佐賀バスジャック事件(4)

承認を常に求める“まじめないい子”に共通する“承認不足”は、この時代に生きるわれわれの多くが共有している問題であることを以前述べました。そこから生じる不安に対抗するため、頑張れば何でもできるというパワー(力)幻想を多くの人が信仰しています。そして自分の心身と相談することなくかたくなに「かくありたい」という自我理想にこだわり続けます。そのようにして多くの人が極端な自己コントロールを行い、破たんして罪悪感を高め、顕著な暴力性をもった他者コントロールに走っているのです。バスジャック少年もまた、家庭や学校、そしてネット上などで、いつも自分の身の丈以上の虚勢を張っていました。

《ネット上で》

昨春、少年は第二志望の進学校に入学したものの、すぐに不登校、ひきこもり状態となります。そして夏ごろから始めたインターネットにのめり込み、その中で際立った攻撃性で人目をひくようになっていきました。「キャットキラー(猫殺し)」と名乗った少年は「勝負しろ」「ぶっ殺してやる」「俺の勝ちだ」などの言葉を吐き続けます。また自分のプロフィールとして「身長179cm」(実際は165cm)とか「親の財産約10億円を相続する予定」などとも書き込みます。

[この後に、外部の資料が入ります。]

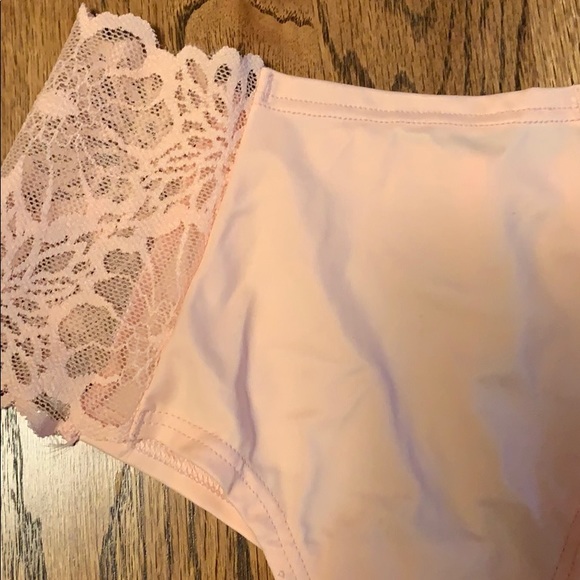 𝙿𝚒𝚗𝚔 𝚟𝚜 𝚞𝚗𝚍𝚒𝚎𝚜 - Picture 3 of 4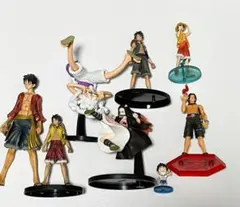 ワンピースその他　フィギュア各種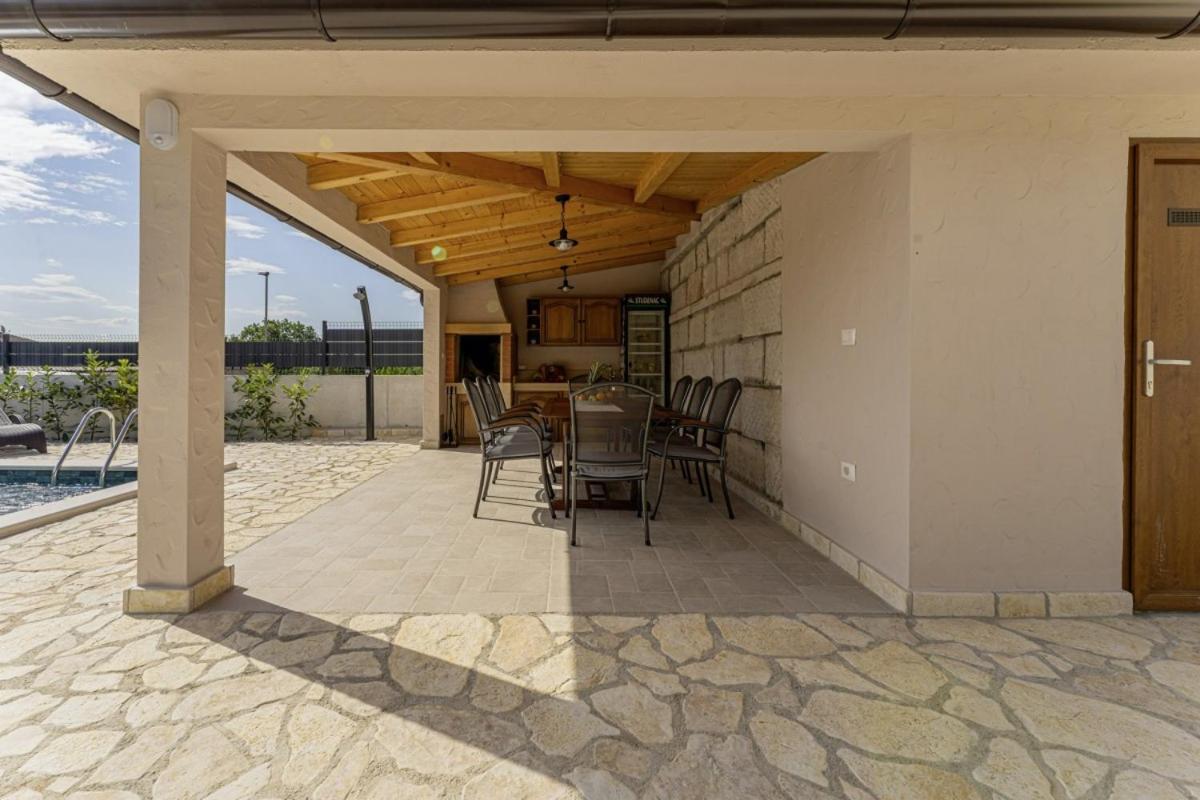 Villa Olea In Barat - Haus Fuer 6-8 Personen Kanfanar Esterno foto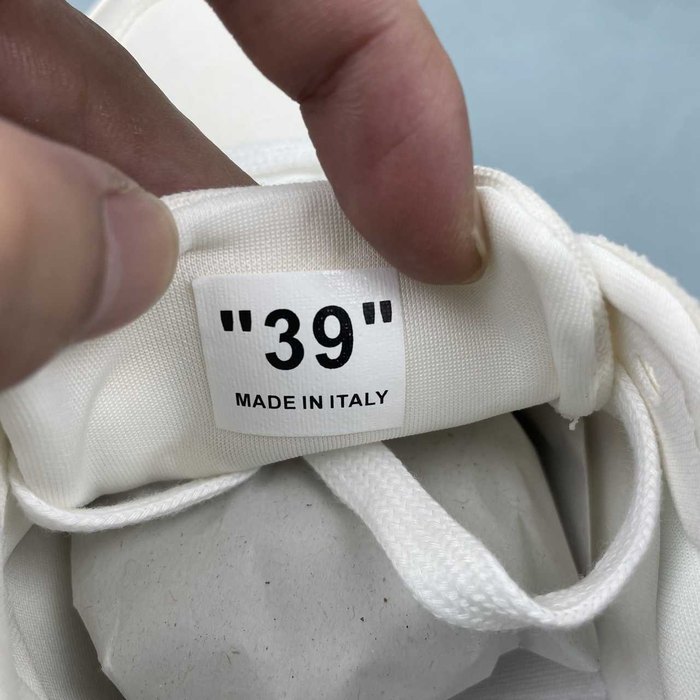 OFF WHITE GYM SHOES LOVERS  36  47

興味深いのは、パソコンに不慣れな少年が「1000番目の書き込み番号をとった者が勝者だ。どうせ僕の勝ちだろうがね」と勝手に宣言し、徹夜で999番目までを書き込んだ末、他の人にあっさり1000番目をとられてしまうような出来事です。これなどは少年の能力に見合わない無理なつっぱりに対する周囲の意地悪な反応であり、腰椎(ようつい)骨折の一件と類似しています。彼のいう“いじめ”とは、このようなことの繰り返しを指していたのかもしれません。ネット上でも「弱いくせにいきがるな」「お前が一番うざい」「存在感なし」といった言葉を周囲から浴びています。

殺人罪に問われた犯行当時19歳の男性が、自分の顔写真を掲載した月刊誌を相手取って起こした裁判で、一審で原告勝訴、高裁で逆転敗訴の判決が出たことがネット上で話し合われていた時、少年は以下のように書き込んでいます。「この裁判官を更迭せよ!最高裁よ、高裁判決を棄却しろ!この裁判官を弾劾しろ!弾劾裁判にかけろ!」「かかってこい少年批判者。少年は偉い!これ定説。少年法の保護を受けない少年嫉妬野郎はトイレでキバッテロ!」

《倒錯状態の中で》

家庭内暴力児に顕著に認める「甘え」と「攻撃性」がこの発言にはそのまま表現されています。これは「小遣いくれないとは何事だ。こんな親は親ではない。殴られて当然だ。子どもは偉い。小遣いもらう権利のない大人はひっこんでいろ」といっているのと同じです。このようなフザケた言動が、少年を“腫(は)れ物”扱いしていた彼の家庭では恐らく日常化していたことが想像されます。まさに飼い犬におびえ、支配されているような倒錯状態です。このような状況が、自分の圧倒的なパワーを対外的に示す必要性に迫られていた少年の「“デカい一発”で周囲にアピールする(例えば酒鬼薔薇のようになる)」という妄想に対するブレーキを甘くしてしまったと考えられます。